▸ What to produce
Down to the last line, write out the entries below exactly and omit all pictures.

▶

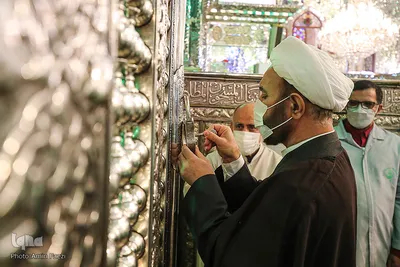 آیین گلاب شویی حرم مطهر شاهچراغ(ع)
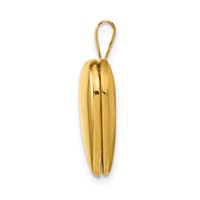 1/20 14K Two-Tone Gold Gold Filled Polished Front Satin Back 2-Frame 15mm Heart Locket view 2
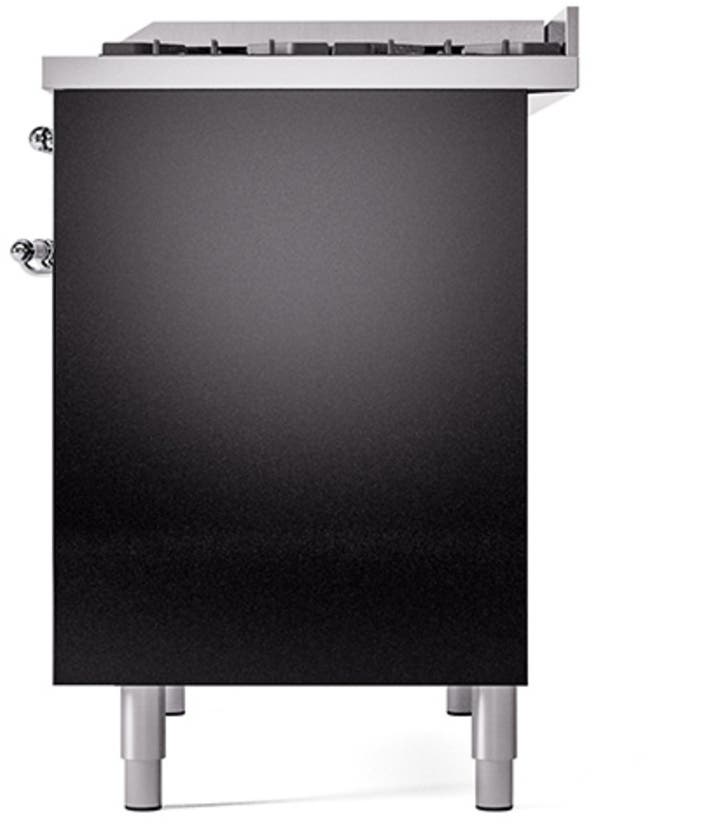 Ilve UPD40FQNMPBKC Glossy Black With Chrome Trim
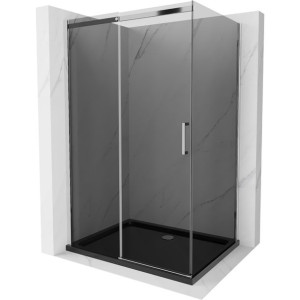 Mexen Omega kabina prysznicowa rozsuwana 100x80 grafit chrom brodzik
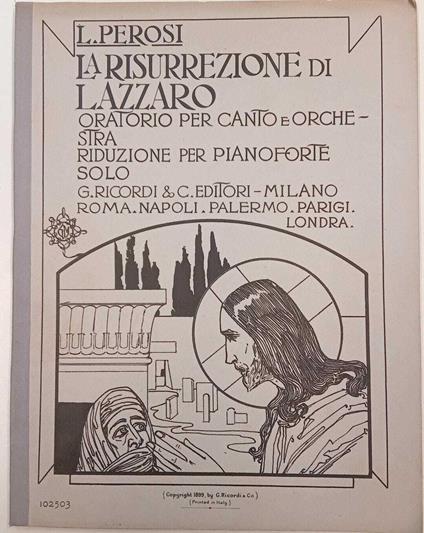 La risurrezione di Lazzaro - Lorenzo Perosi - copertina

◀

▸ Answer to the problem
 آیین گلاب شویی حرم مطهر شاهچراغ(ع)
 1/20 14K Two-Tone Gold Gold Filled Polished Front Satin Back 2-Frame 15mm Heart Locket view 2
 Ilve UPD40FQNMPBKC Glossy Black With Chrome Trim
 Mexen Omega kabina prysznicowa rozsuwana 100x80 grafit chrom brodzik
 La risurrezione di Lazzaro - Lorenzo Perosi - copertina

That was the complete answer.